(PROMPT): Give back the full set of entries that follows, exactly as written.

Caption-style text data
---*---
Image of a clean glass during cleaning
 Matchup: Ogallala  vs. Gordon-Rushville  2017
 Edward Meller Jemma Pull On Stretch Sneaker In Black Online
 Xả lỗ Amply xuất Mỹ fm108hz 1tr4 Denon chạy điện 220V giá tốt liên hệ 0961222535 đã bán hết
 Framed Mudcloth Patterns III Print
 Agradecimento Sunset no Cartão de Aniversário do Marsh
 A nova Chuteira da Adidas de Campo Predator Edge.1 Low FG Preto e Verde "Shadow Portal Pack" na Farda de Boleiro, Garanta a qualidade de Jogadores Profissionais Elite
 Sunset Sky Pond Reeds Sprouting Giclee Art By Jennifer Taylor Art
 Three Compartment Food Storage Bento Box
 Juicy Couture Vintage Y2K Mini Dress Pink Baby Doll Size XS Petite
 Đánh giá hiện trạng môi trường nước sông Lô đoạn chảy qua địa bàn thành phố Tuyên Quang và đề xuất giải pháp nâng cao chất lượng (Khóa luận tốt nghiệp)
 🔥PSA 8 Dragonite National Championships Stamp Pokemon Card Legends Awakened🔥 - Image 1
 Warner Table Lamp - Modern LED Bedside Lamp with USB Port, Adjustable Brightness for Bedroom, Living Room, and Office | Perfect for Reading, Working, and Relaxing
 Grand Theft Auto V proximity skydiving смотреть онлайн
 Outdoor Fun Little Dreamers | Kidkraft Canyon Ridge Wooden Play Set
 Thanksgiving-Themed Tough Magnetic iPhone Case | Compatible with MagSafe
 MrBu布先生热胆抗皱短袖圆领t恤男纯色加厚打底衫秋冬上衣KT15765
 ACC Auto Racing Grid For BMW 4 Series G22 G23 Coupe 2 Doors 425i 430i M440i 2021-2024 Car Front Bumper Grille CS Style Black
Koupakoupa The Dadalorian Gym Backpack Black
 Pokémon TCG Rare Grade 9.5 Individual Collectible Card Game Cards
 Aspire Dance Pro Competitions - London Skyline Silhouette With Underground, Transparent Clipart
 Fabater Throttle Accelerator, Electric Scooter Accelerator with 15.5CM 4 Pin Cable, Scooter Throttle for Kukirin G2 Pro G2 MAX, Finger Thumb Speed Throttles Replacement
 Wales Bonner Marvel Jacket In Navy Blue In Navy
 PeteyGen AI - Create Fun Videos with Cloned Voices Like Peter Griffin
---*---
(COMPLETED TASK):
Image of a clean glass during cleaning
 Matchup: Ogallala  vs. Gordon-Rushville  2017
 Edward Meller Jemma Pull On Stretch Sneaker In Black Online
 Xả lỗ Amply xuất Mỹ fm108hz 1tr4 Denon chạy điện 220V giá tốt liên hệ 0961222535 đã bán hết
 Framed Mudcloth Patterns III Print
 Agradecimento Sunset no Cartão de Aniversário do Marsh
 A nova Chuteira da Adidas de Campo Predator Edge.1 Low FG Preto e Verde "Shadow Portal Pack" na Farda de Boleiro, Garanta a qualidade de Jogadores Profissionais Elite
 Sunset Sky Pond Reeds Sprouting Giclee Art By Jennifer Taylor Art
 Three Compartment Food Storage Bento Box
 Juicy Couture Vintage Y2K Mini Dress Pink Baby Doll Size XS Petite
 Đánh giá hiện trạng môi trường nước sông Lô đoạn chảy qua địa bàn thành phố Tuyên Quang và đề xuất giải pháp nâng cao chất lượng (Khóa luận tốt nghiệp)
 🔥PSA 8 Dragonite National Championships Stamp Pokemon Card Legends Awakened🔥 - Image 1
 Warner Table Lamp - Modern LED Bedside Lamp with USB Port, Adjustable Brightness for Bedroom, Living Room, and Office | Perfect for Reading, Working, and Relaxing
 Grand Theft Auto V proximity skydiving смотреть онлайн
 Outdoor Fun Little Dreamers | Kidkraft Canyon Ridge Wooden Play Set
 Thanksgiving-Themed Tough Magnetic iPhone Case | Compatible with MagSafe
 MrBu布先生热胆抗皱短袖圆领t恤男纯色加厚打底衫秋冬上衣KT15765
 ACC Auto Racing Grid For BMW 4 Series G22 G23 Coupe 2 Doors 425i 430i M440i 2021-2024 Car Front Bumper Grille CS Style Black
Koupakoupa The Dadalorian Gym Backpack Black
 Pokémon TCG Rare Grade 9.5 Individual Collectible Card Game Cards
 Aspire Dance Pro Competitions - London Skyline Silhouette With Underground, Transparent Clipart
 Fabater Throttle Accelerator, Electric Scooter Accelerator with 15.5CM 4 Pin Cable, Scooter Throttle for Kukirin G2 Pro G2 MAX, Finger Thumb Speed Throttles Replacement
 Wales Bonner Marvel Jacket In Navy Blue In Navy
 PeteyGen AI - Create Fun Videos with Cloned Voices Like Peter Griffin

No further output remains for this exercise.